What this task involves -> The exercise calls for exact output of the lines between the one that contains "3935 South 84th" and the end of the data, with both ends kept and pictures left out.
───── Dataset extract
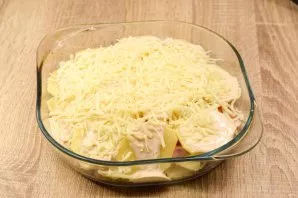 Repeat the layers again meat, onions, potatoes, sauce, cheese. Cover the pan with foil and fry for 60 minutes.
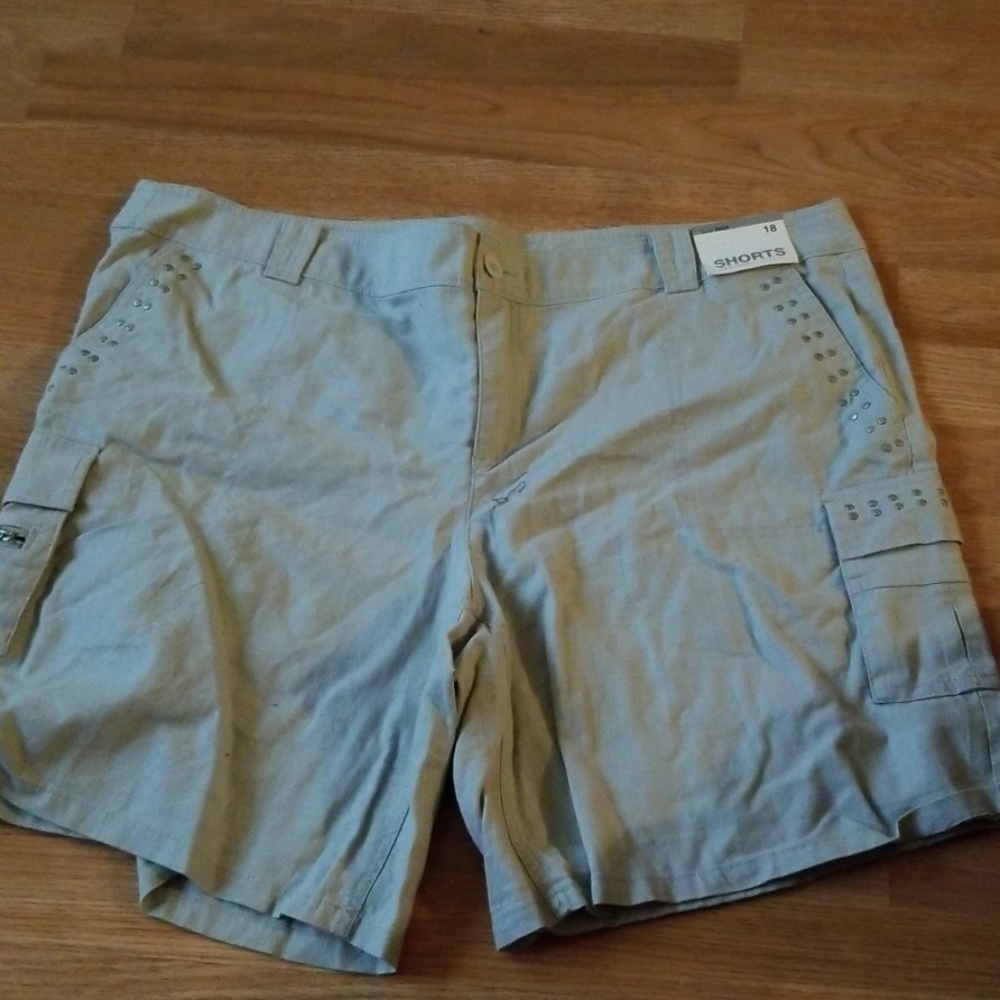Grey Light Linen Shorts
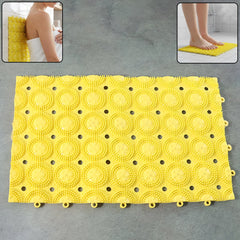 Anti-slip bathroom massage mat featuring suction cups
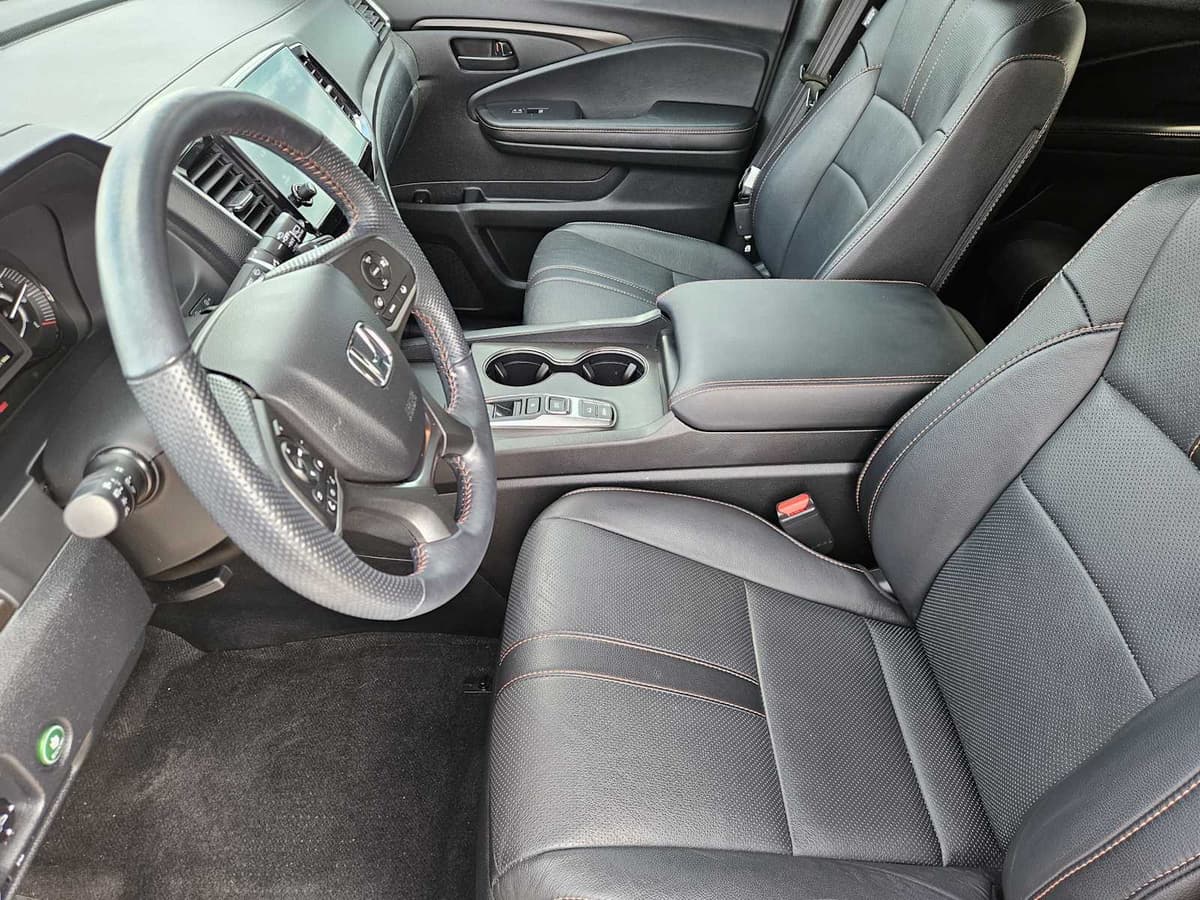2024 Honda Passport - Image 13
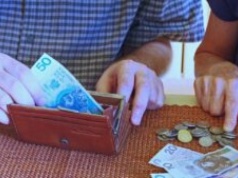 Ulgi dla seniorów w 2026 roku. Sprawdź, z jakich zniżek możesz skorzystać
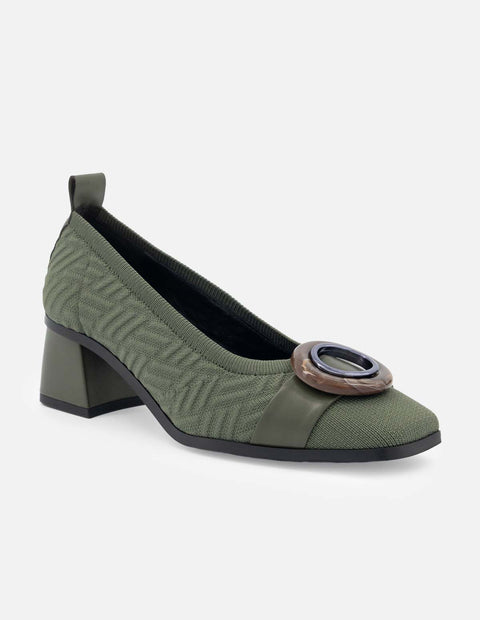 Zapatilla de lycra con textura y maxi hebilla en color verde para mujer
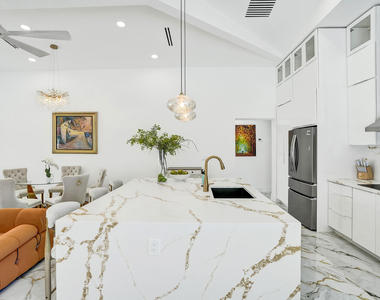 202 Se 4th Street - Photo Thumbnail 9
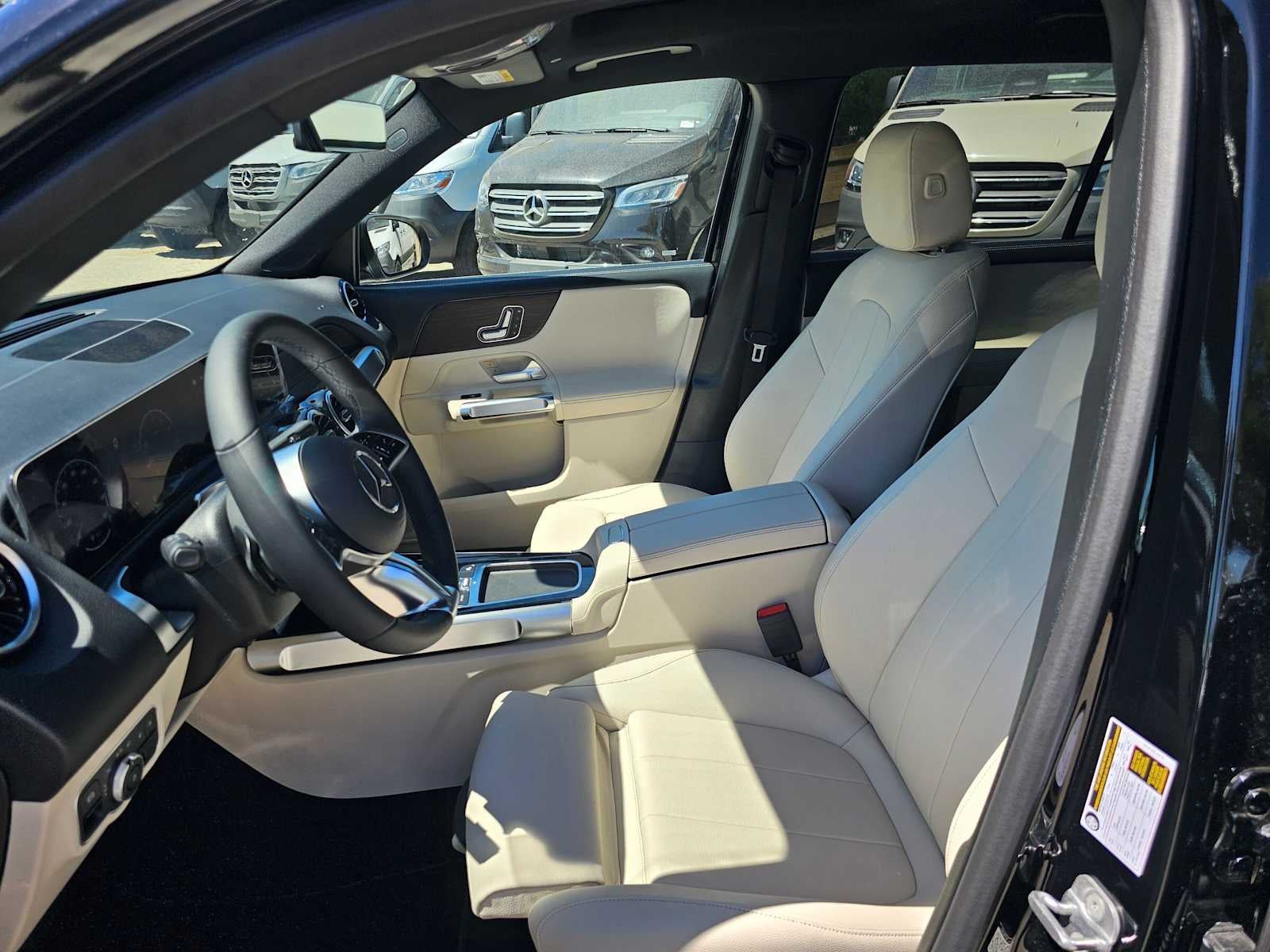 2026 Mercedes-Benz GLB 250 SUV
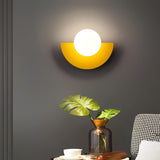 Everest - Nordisk halvcirkelformet væglampe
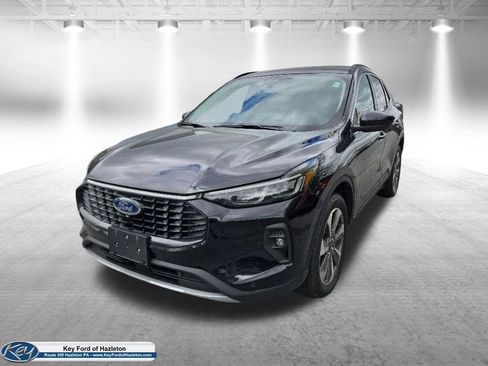 Used 2024 Ford Escape Platinum AWD/4WD image 3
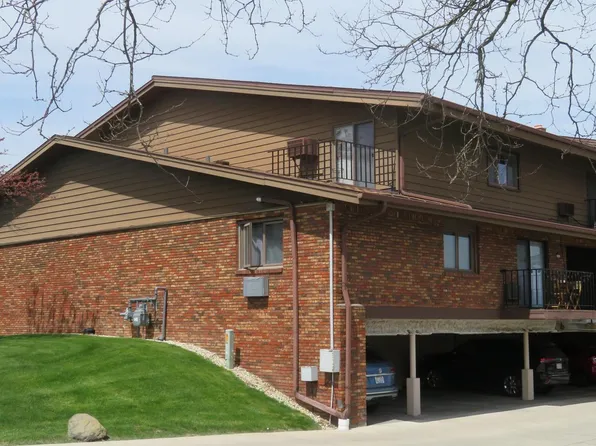 3935 South 84th STREET #8, Greenfield, WI 53228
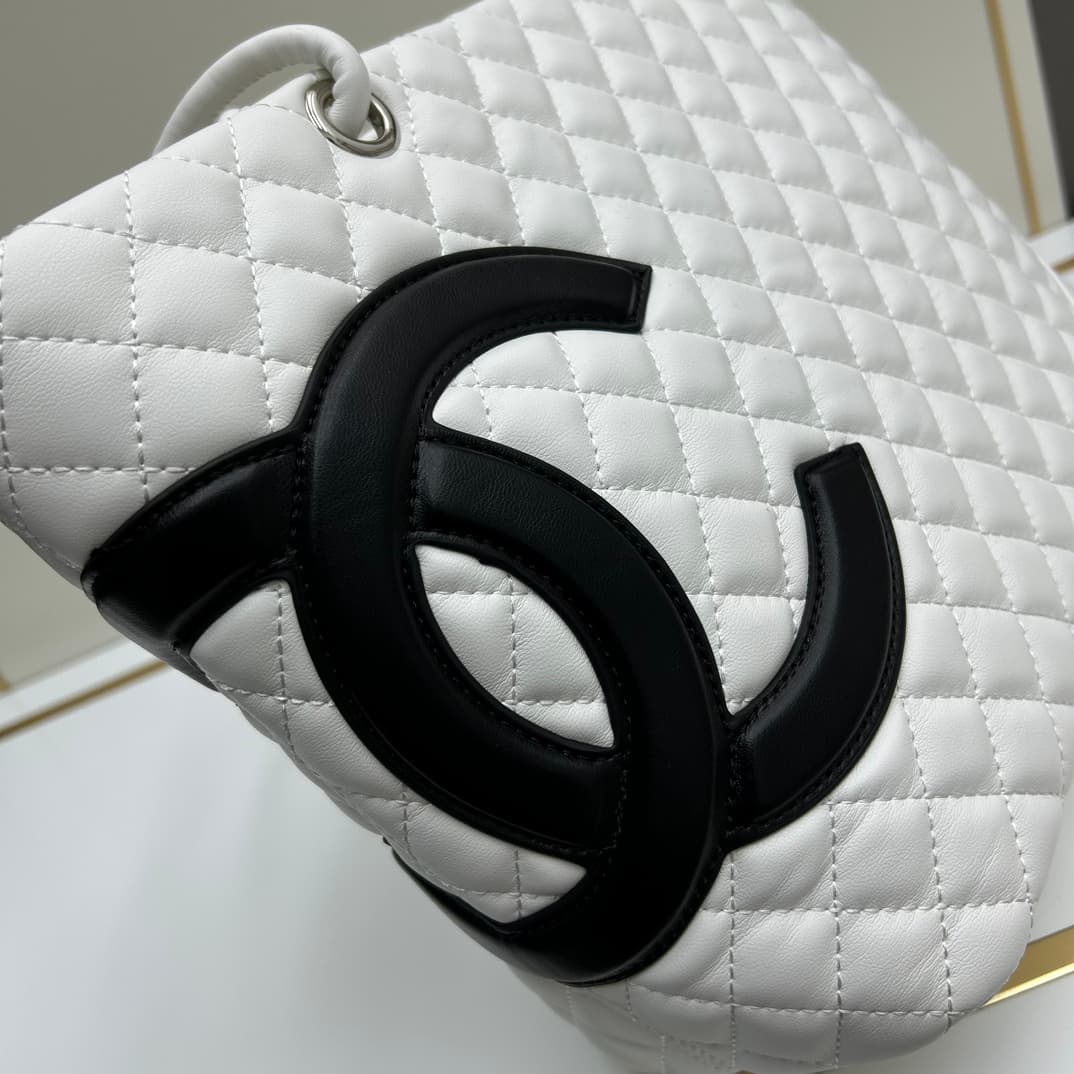 C694 New model 💰 Chanel Panda Kangpeng basket|||The classic black and white panda color scheme is absolutely beautiful! It gives a high-end feel. — image 4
──────────
Solution to the exercise ->
 3935 South 84th STREET #8, Greenfield, WI 53228
 C694 New model 💰 Chanel Panda Kangpeng basket|||The classic black and white panda color scheme is absolutely beautiful! It gives a high-end feel. — image 4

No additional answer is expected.